Peccato che un rialzo dei tassi Usa non possa essere visto come un evento isolato che non causerà alcun genere di riflesso sui tassi in Europa e in Italia (con inevitabili conseguenze anche in termini di oneri di rifinanziamento del debito pubblico e quindi di freno alla ripresa, ceteris paribus), per quanto la Bce vigili attentamente e abbia già fatto capire che, al contrario della Federal Reserve, potrebbe in dicembre ridurre i tassi (quanto meno quelli sui depositi, già negativi) o prorogare gli acquisti di bond sul mercato, di fatto incrementando la massa di liquidità fornita al mercato stesso e in particolare alla banche.

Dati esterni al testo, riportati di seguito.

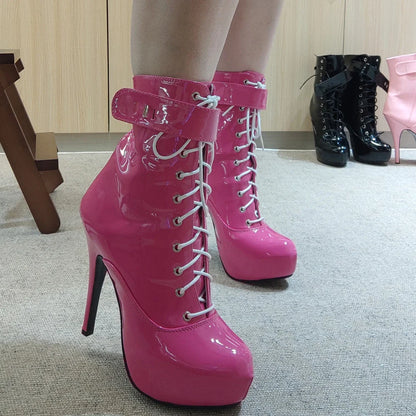 Funki Findz | Boots | Women's Padlock High Stiletto Ankle Boots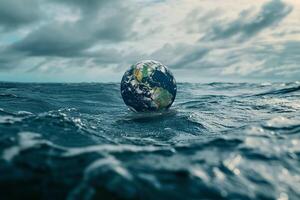 AI generated Planet Earth is floating over the ocean photo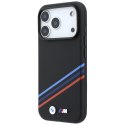 Etui BMW M Quadrille Kevlar Print Tricolor Lines & Metal Logo MagSafe do iPhone 18 Pro / 17 Pro czarny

Il risultato è che già stasera il tasso sui Btp a 10 anni è tornato attorno all’1,76%, mentre quello sui Bund decennali oscilla sullo 0,67% e pertanto lo spread (il sovra rendimento che debbono pagare i titoli di stato italiani rispetto a quelli tedeschi per essere collocati sul mercato) è salito all’1,09%. Mercoledì si vedrà se la nuova asta di Bot a 12 mesi (saranno offerti 6 miliardi di euro di titoli) riuscirà a registrare ancora tassi negativi come accaduto a inizio mese con le emissioni di Bot a 6 mesi e di Ctz a 24 mesi o se la “luna di miele” che ha portato gli investitori a pagare il Tesoro italiano pur di poterlo rifinanziare sta già volgendo al termine.
Non è da sottovalutare, poi, il segnale giunto dal Financial stability board (Fsb), gruppo creato dal G20 dopo la crisi mondiale del 2008 per evitare nuovi crack come quello della banca d’affari americana Lehman Brothers, che in un report diffuso oggi ha sottolineato come per evitare ogni rischio in caso di nuove crisi alle banche “sistemiche” mondiali (quelle “troppo grandi per fallire” senza correre il rischio di un effetto a valanga) occorrerebbero, a seconda del tipo di strumenti considerati, dai 457 ai 1.100 miliardi di euro di ulteriori capitali.
L’Fsb ha anche precisato che la cifra consentirebbe alle banche di assorbire perdite pari almeno al 16% dei loro risk-weighted asset entro il 2019, ovvero ad almeno il 18% entro il 2022. Peraltro se si escludessero dal computo le 4 maggiori banche cinesi, l’ammontare di capitali necessari si ridurrebbe significativamente, calando tra i 107 e i 776 miliardi di euro. Questo significa anche, come ha già commentato qualche esperto del settore, che con un fondo anti crisi bancaria dotato di risorse tra i 4 e i 5 mila miliardi di dollari basterebbe a scongiurare il ripetersi, anche nelle ipotesi peggiori di un nuovo caso Lehman.
Può sembrare una cifra paurosa, ed in effetti lo è, ma se pensate che la sola Federal Reserve ha un bilancio con un attivo patrimoniale di oltre 4,48 triliardi di dollari (cui corrisponde altrettanta liquidità iniettata sul mercato) e che la Bce a sua volta a fine ottobre aveva in portafoglio titoli detenuti ai fini della politica monetaria per 695,7 miliardi di euro (pari a quasi 750 miliardi di dollari) e intende almeno raggiungere gli 1,1 triliardi di euro prima di valutare uno stop al suo programma di quantitative easing, si può capire come la decisione di rafforzare e in che misura le banche facendo ricorso a capitali esclusivamente privati o anche (e in che misura) pubblici è unicamente una decisione politica.
Una decisione che verosimilmente verrà legata, almeno in Europa, al varo di ulteriori riforme strutturali si spera, queste sì, in grado di affrontare alla radice il problema di una ripresina-ina-ina ancora incapace di risolvere il problema dell’elevata disoccupazione nei paesi del Sud Europa, Italia compresa.